Some clear signals that an issue requires organizational or company-level intervention include:
When raising these issues with leadership, focus on the business impact rather than the technical details. Instead of explaining the intricacies of why deployments are slow, quantify the engineering time being spent waiting for deployments and articulate how that impacts delivery of business value. Frame the conversation around opportunities rather than complaints: rather than “our productivity is suffering because of X,” try “if we could solve X at the organizational level, all our teams would be able to deliver faster.”

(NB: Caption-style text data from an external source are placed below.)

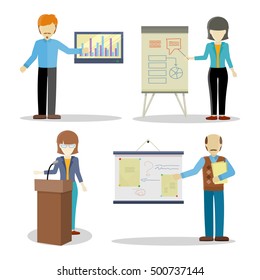 Collection of lectures character vectors. Flat design. Woman and man personages holding business seminar. Certification training in office. Illustration for educational companies, career courses ad.  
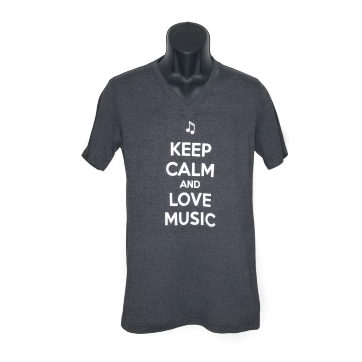 Keep Calm &amp; Love Music Tee - Charcoal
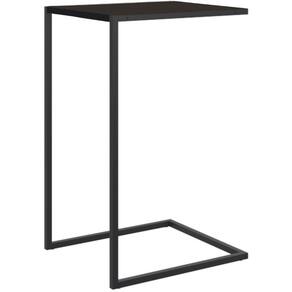 Mesa Lateral Retangular Artesano 64 Cm (altura) Em Mdp Preto Estrutura Metálica Em Aço Prato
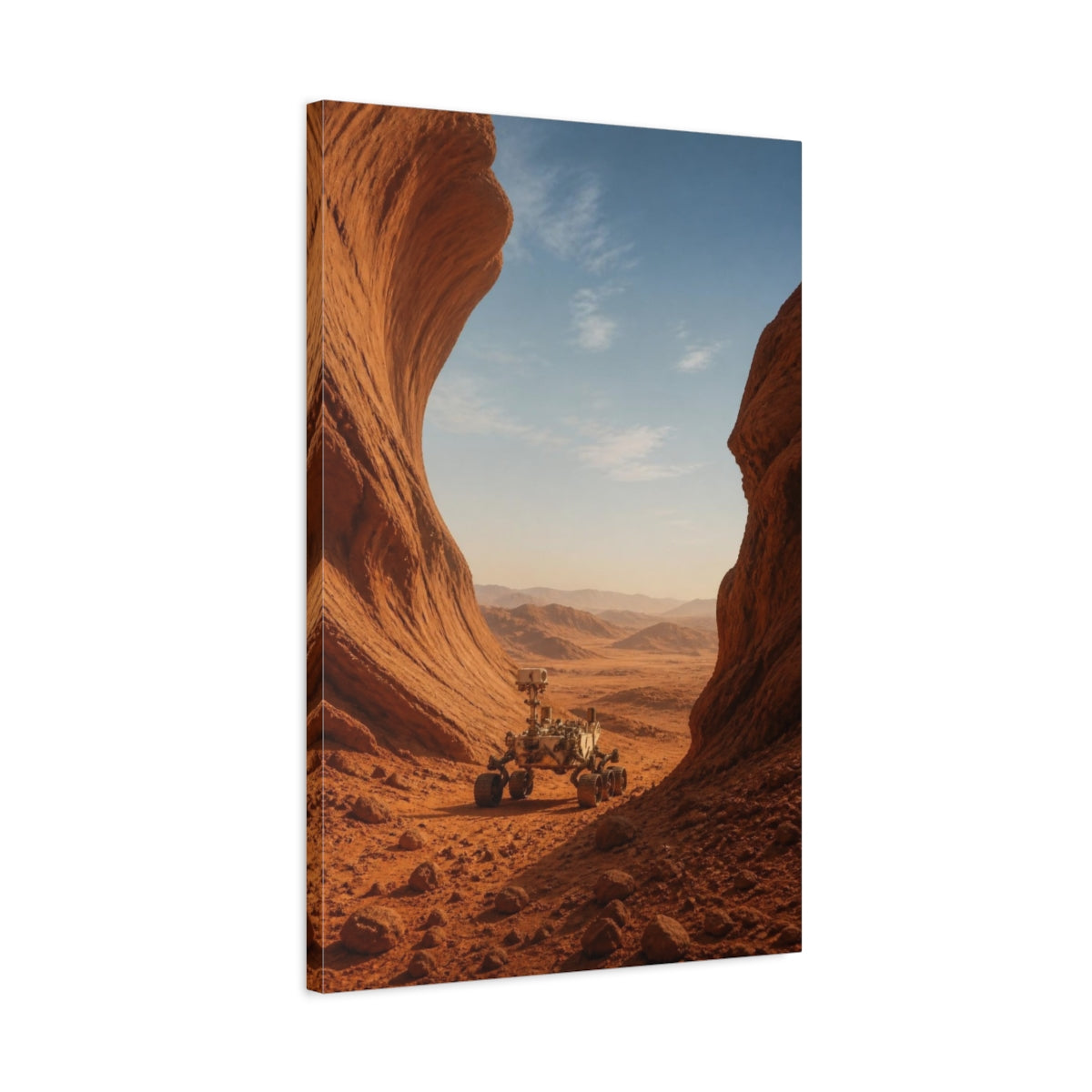 Side Mockup 2. Mars Rover In Ochre Dunes shown as canvas print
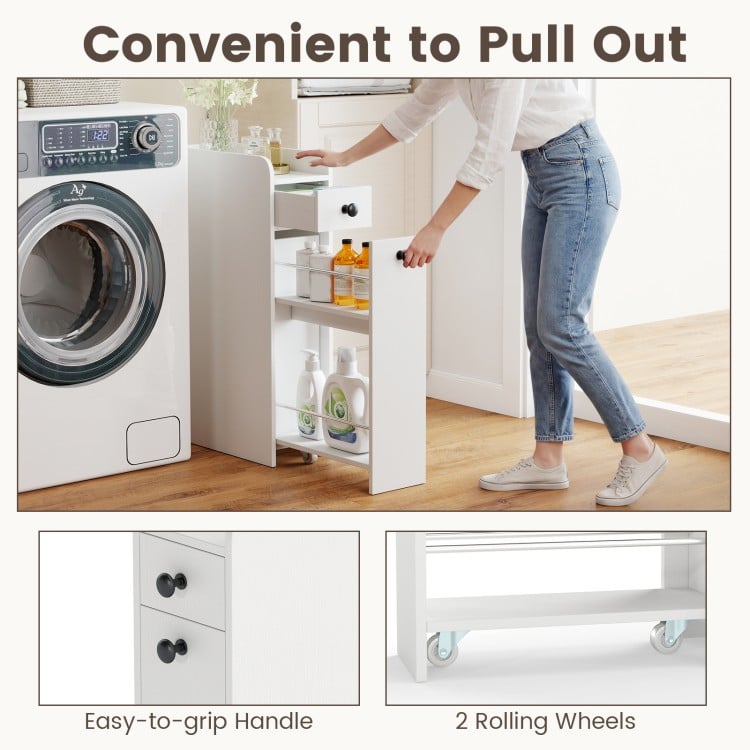 Small Bathroom Storage Cabinet 4-Tier with Slide Out Drawers on Casters-White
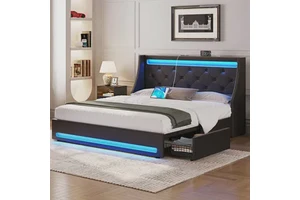 Upholstered Storage Bed With Charging Station And LED Lights Bed
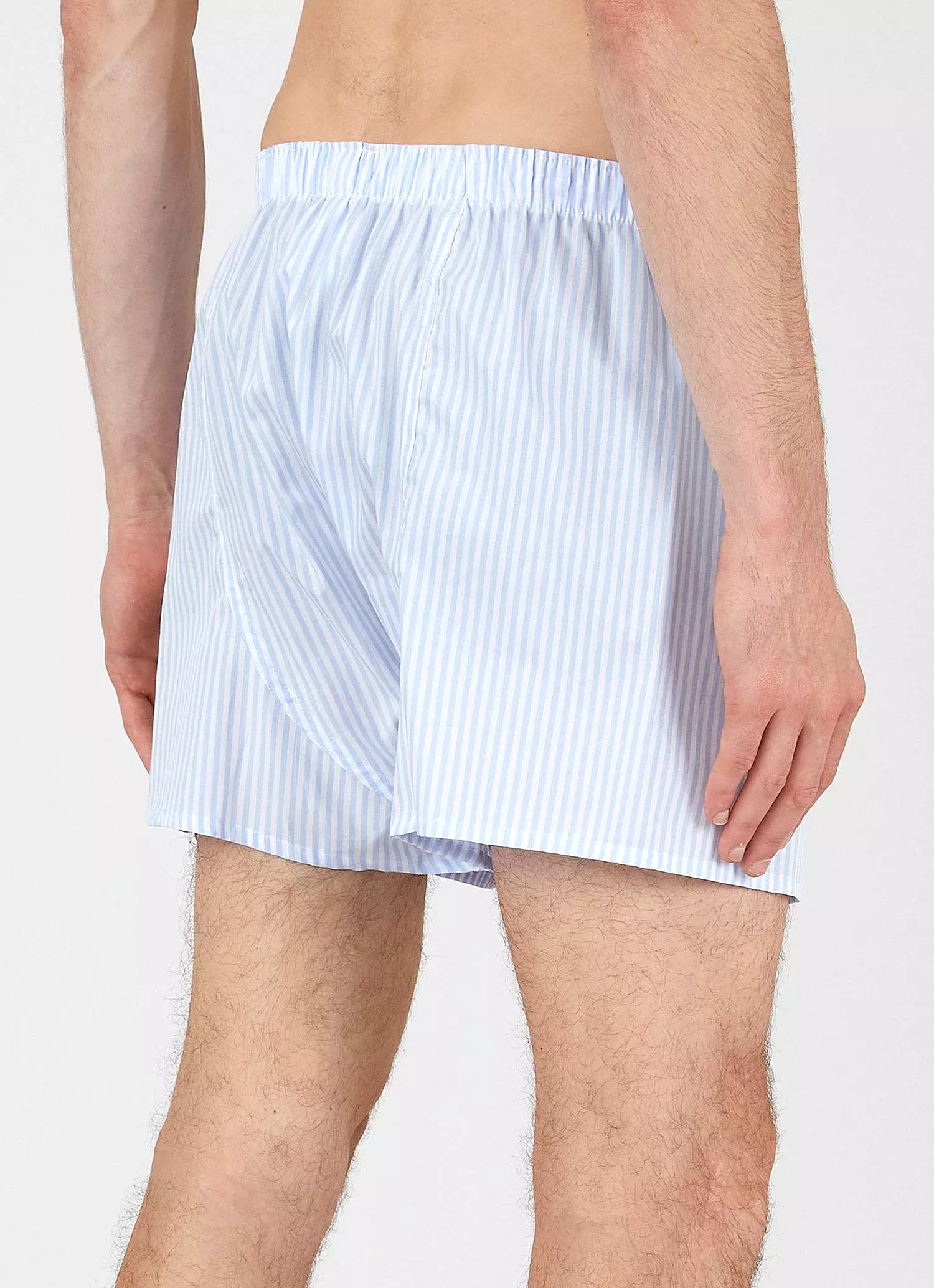 Men's Classic Boxer Shorts in White/Light Blue Bar Stripe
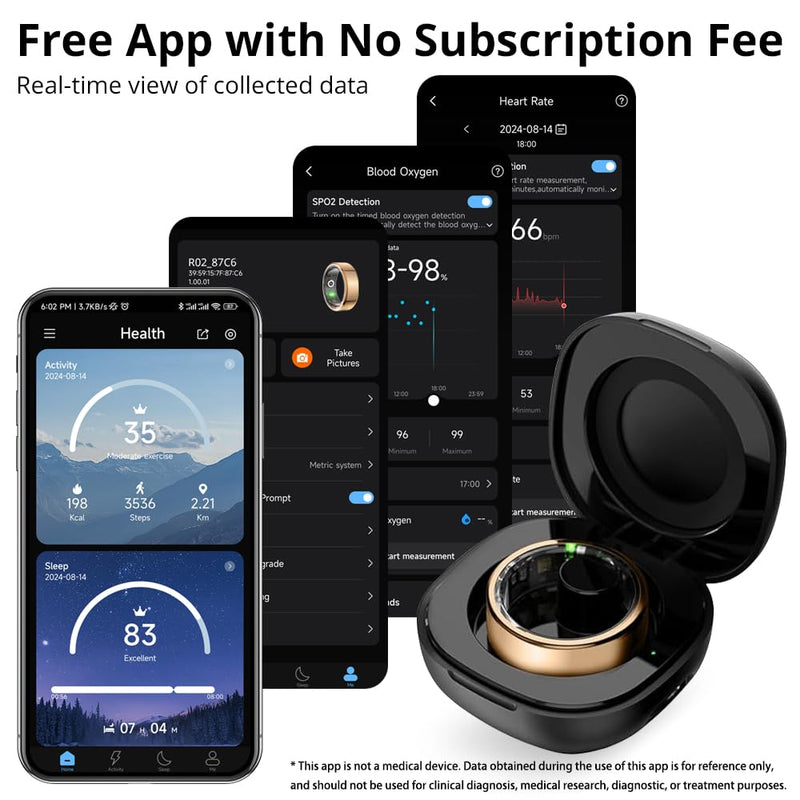 COLMI R02 Smart Ring with Sizing Kit - No Subscription Fee - Sleep, Heart Rate, SpO2 Monitor - Health Tracking. (Rose Gold 7#)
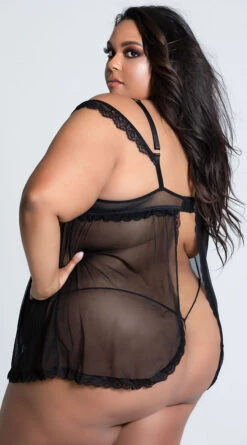 Plus Size Femme Fatale Babydoll Set -Forplay Shop ST 10972X BLACK 9 PS12212020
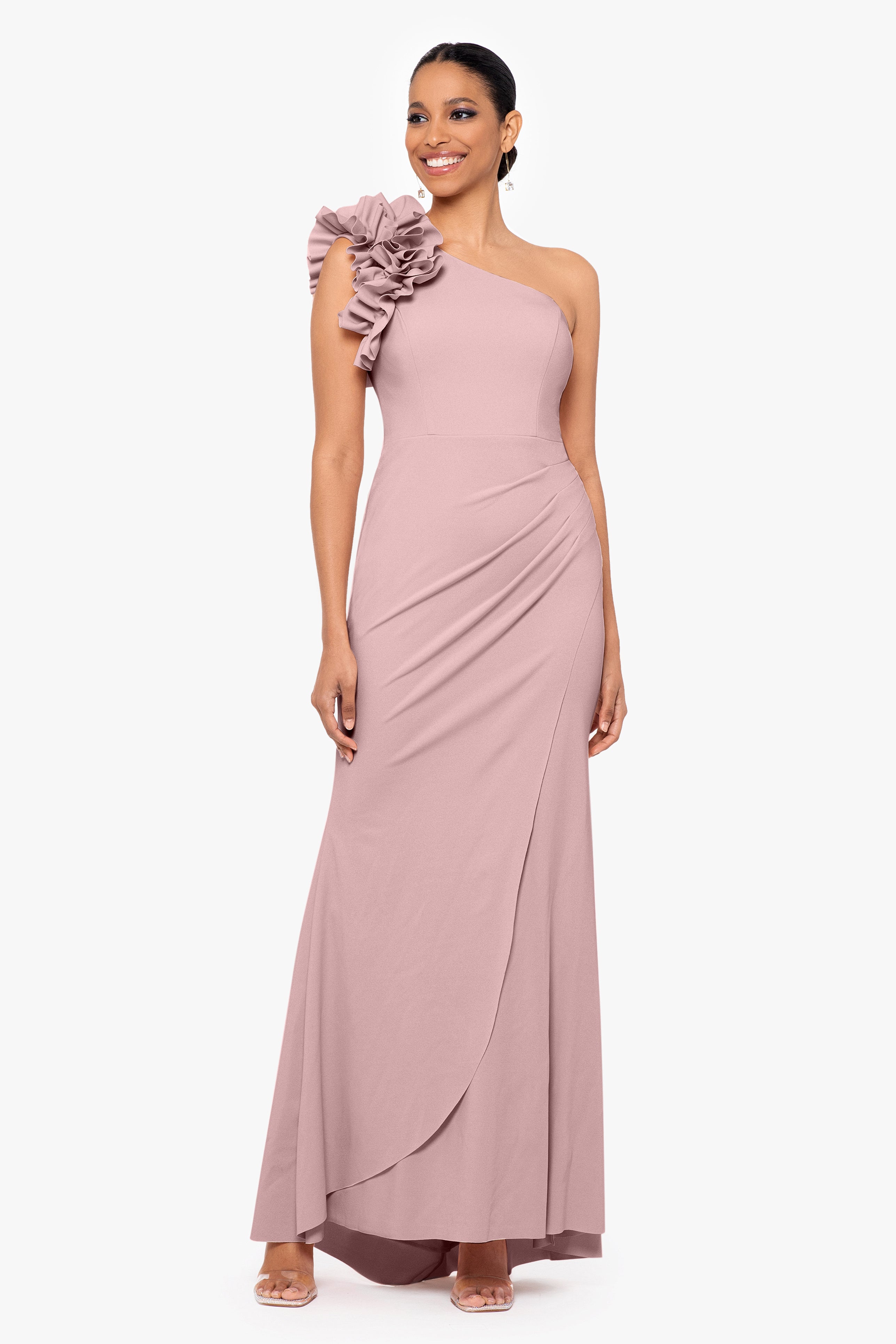 "Ivy" One Shoulder Ruffle Scuba Crepe Dress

Be patient but persistent. Organizational and company-level changes take time and often require building consensus across multiple stakeholders. Keep tracking the impact of the issue and regularly surface it in planning discussions and retrospectives. Look for opportunities to collaborate with other teams experiencing similar challenges — having multiple teams advocate for the same solution can be more effective than a single team raising the issue.
Finally, consider volunteering to help solve the problem you’re raising. If you’re advocating for a platform team to solve a particular challenge, be prepared to join that team or help define its charter. Leadership is more likely to invest in solutions when they see engineers willing to own the implementation.
The most successful productivity initiatives recognize the interplay among individual, team, organizational, and company levels. Consider a common challenge like long cycle times: while a team might try to address this through work-in-progress limits and smaller increments, the root cause might require organizational changes to team structure or company-level improvements to strategic direction. Poor developer experience might need team-level improvements to local workflows, organization-level investment in better tooling, and company-level commitment to maintaining that tooling.
Before jumping to solutions, take time to understand the full scope of the challenge and consider which organizational level has the right context and authority to implement lasting improvements. Being intentional about where and how you drive improvements will lead to better outcomes for everyone.